Venho dizer que não tenho arrependimentos. Um problema recorrente da nostalgia é que ela acaba servindo de pretexto para coisas bem preguiçosas. Não é raro que uma suposta homenagem se transforme em cópia deslavada e assumida, sem nada a acrescentar. Isso não acontece em Stranger Things. Claro, a gente vai encontrando referências e percebendo que o seriado todo é uma colagem dos filmes mais marcantes dos anos 1980, mas isso não quer dizer que a história pareça algo velho, ou que o desenrolar dos acontecimentos seja previsível só porque conhecemos as fontes. Pelo contrário, a trama é sedutora e se aguenta sozinha. Já no episódio inicial, um dos meninos some. O pessoal da cidadezinha não sabe, mas ele teve o azar de cruzar o caminho daquele ser de outro planeta ou outra dimensão. O que a gente não sabe é se ele morreu ou se foi levado para outro lugar, nem se o bicho era malvado ou bondoso. Para contar isso, o seriado é econômico e preciso. Não se concentra em coisas desimportantes, nem tenta dar aquelas lições de vida para enrolar a gente (oi, The Walking Dead). Stranger Things não tem personagem irritantemente irrazoável, apesar de que, claro, o que seria do cinema e da tevê se ninguém tomasse decisões ruins (Eu até falei disso em outra maratona na Netflix, se alguém se interessar.)
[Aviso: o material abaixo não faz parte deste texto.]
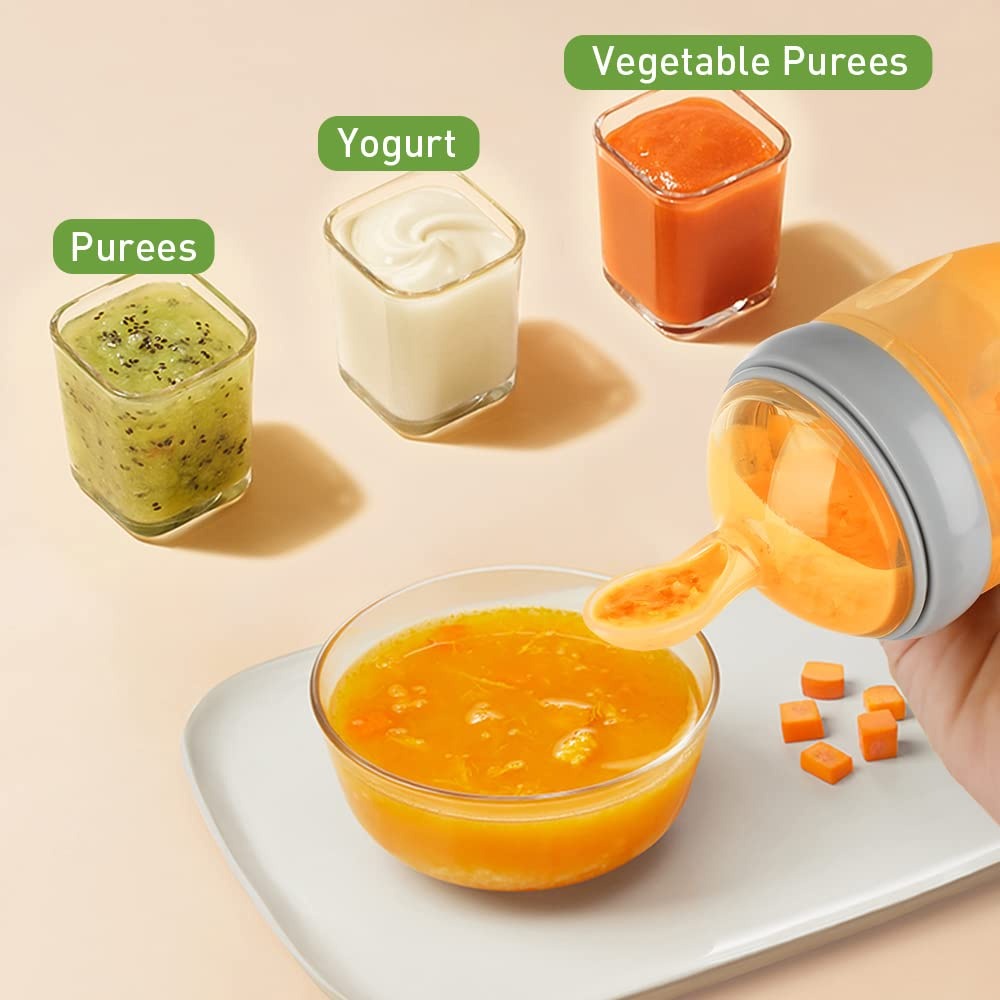 HaaKaa Gen 3 Silicone Bottle Feeding Spoon Head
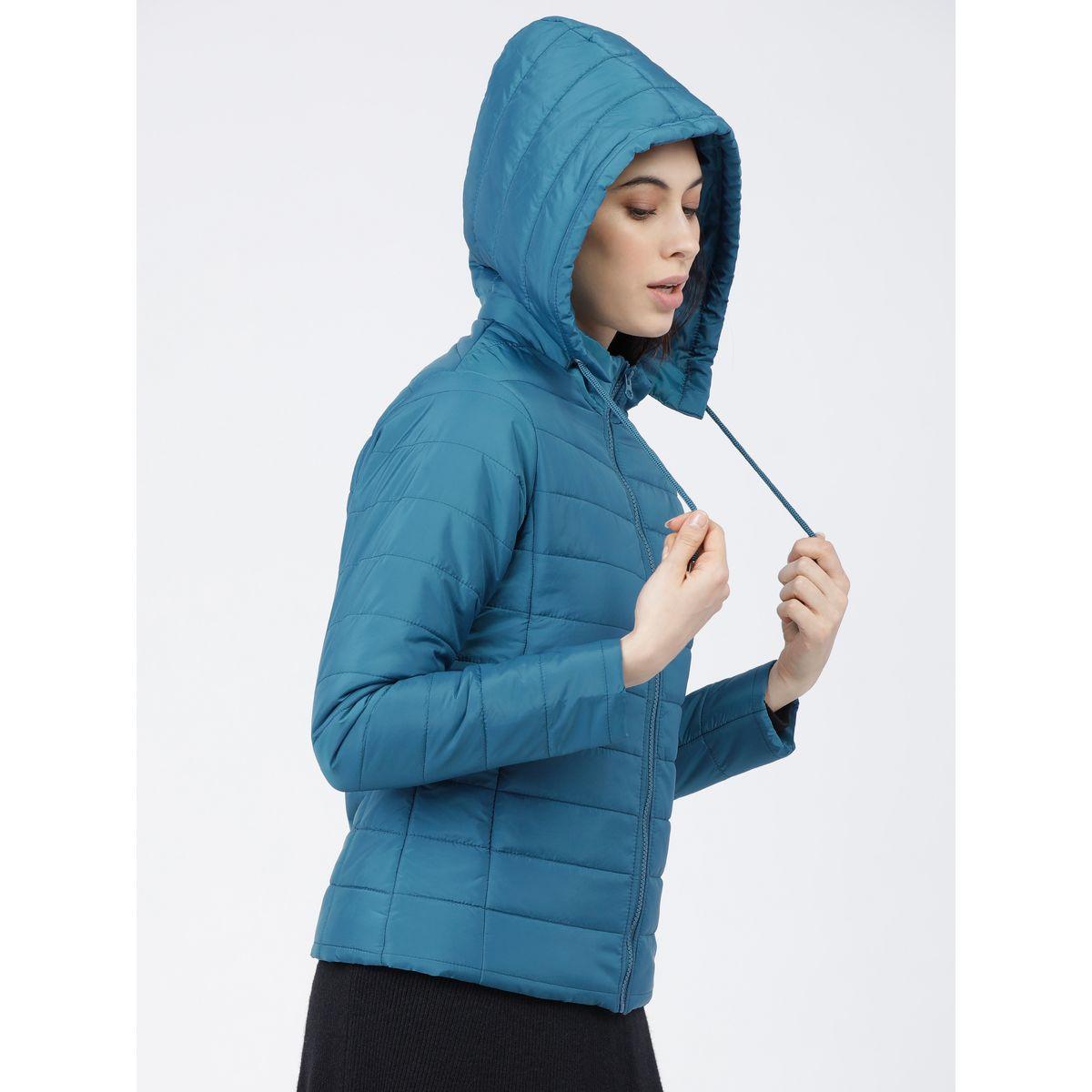جاكيت مبطن بياقة هودي طوكيو توكيز × ستايلي-women-winterwear-coatsandjackets-jackets-image-6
Um outro alento é passar todo esse tempo na companhia da Winona Ryder, que faz a mãe do menino que some. Eu sou apaixonada por ela desde Os fantasmas se divertem, mas tenho que confessar que eu cheguei a achar que ela era a pior coisa de Stranger Things, na altura do terceiro episódio. Depois fui perceber que os roteiristas haviam congelado a situação dela, enquanto cuidavam de outras coisinhas. Tudo melhorou quando ela pôde progredir. Se sozinha e isolada ela me pareceu chatinha, achei curioso como ela conseguiu uma boa dinâmica com todo mundo com quem dividiu a tela. Com o delegado, com outra mãe, mas sobretudo com os dois filhos, ela conseguiu produzir uma mistura de doçura e perseverança. Foi fácil comprar os momentos em que a personagem parecia perder a sanidade, primeiro porque a situação era de fato enlouquecedora, segundo porque Ryder parecia usar a fragilidade física a seu favor. Tipo: tem um efeito-loucura que só aparece quando se vê uma mulher magra e baixinha segurando um machado.
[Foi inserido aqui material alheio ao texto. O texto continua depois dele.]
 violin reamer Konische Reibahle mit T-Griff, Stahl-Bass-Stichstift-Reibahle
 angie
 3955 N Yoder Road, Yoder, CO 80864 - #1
De uma maneira nada espalhafatosa, a personagem dela é a cara das coisas que o cinema e a tevê discutem hoje em dia. Ryder faz uma mulher claramente sobrecarregada pela necessidade de criar os dois filhos sozinha, uma mãe amorosa e valente, alguém que vinha vencendo esse desafio até esbarrar numa circunstância sobre a qual não tem poder.
Acho que a atmosfera oitentista talvez mascare alguns dos temas de Stranger Things, mesmo que até eles sejam parte do pacote nostalgia. Winona Ryder é uma mãe em busca de um filho, a menina superpoderosa é uma criança em busca de afeto familiar, o delegado quer fazer a justiça que lhe foi negada no passado, o grupo de meninos é a verdadeira encarnação da amizade, o amor teen é uma oportunidade para que os adolescentes escolham que lugares querem ocupar no mundo. A série fala ao coração porque só trata de coisas que falam ao coração. E porque toca umas músicas tipo “Africa”, do Toto, e “Waiting for a girl like you”, do Foreigner.